In early August 2016, the U.S. Food and Drug Administration approved pembrolizumab Keytruda, Merck Sharp and Dohme Corp.) for use in patients with recurrent or metastatic head and neck squamous cell carcinoma that is refractory to platinum-based chemotherapy. The drug received accelerated approval based on early data from the KEYNOTE-012 trial. Trial participants received 200 mg of pembrolizumab IV every three weeks for 24 months, or until disease progression or they reached intolerable toxicity. The overall objective response rate was 16%, with a complete response rate of 5%. The drug elicited response in both HPV-positive and HPV-negative tumors (24% vs. 16%). Eighty-two percent of those who responded to the medication did not have progression of disease for at least six months. Now, some patients are doing well more than two years out from their initial treatments (J Clin Oncol. 2016;34(suppl; abstr 6011)).

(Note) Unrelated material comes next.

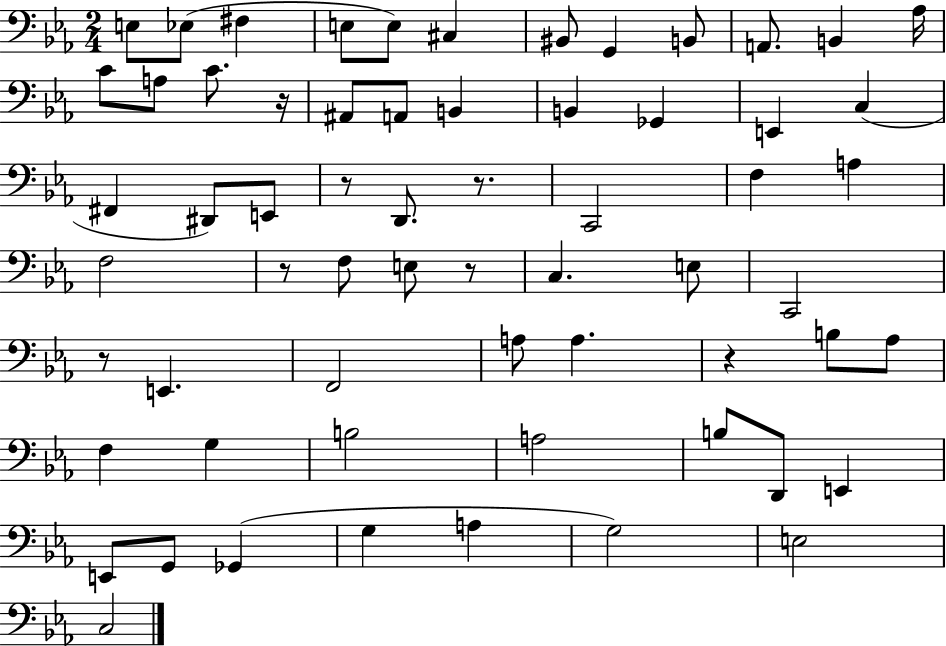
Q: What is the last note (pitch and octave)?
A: C3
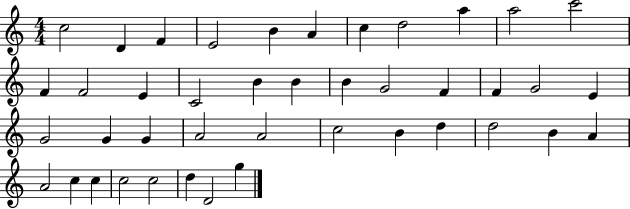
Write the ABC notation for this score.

The traditional platform for treating head and neck has been a table with three legs, surgery, radiotherapy, and chemotherapy. Immunotherapy, in essence, brings a fourth leg to the table. —David Brizel, MD

Pembrolizumab is a checkpoint inhibitor, a drug that essentially unmasks tumor cells so the immune system can attack and destroy them. Specifically, pembrolizumab is a PD-L1 inhibitor; it inhibits the interaction of PD-L1, a protein on tumor cells and PD-1, a protein on T-cells. Checkpoint inhibitors “turn off the off switch, which has the net effect of turning the immune system back on,” said David Brizel, MD, Leonard Prosnitz Professor of Radiation Oncology at Duke University in Durham, N.C.

The idea of unleashing the immune system against cancer cells is not new. What is new is the hope that these medications are offering hope to patients who would otherwise have no options. Maura Gillison, MD, PhD, professor of medicine and Jeg Coughlin Chair of Cancer Research at The Ohio State University Comprehensive Cancer Center in Columbus, has seen remission following checkpoint inhibitor treatment in some of her patients.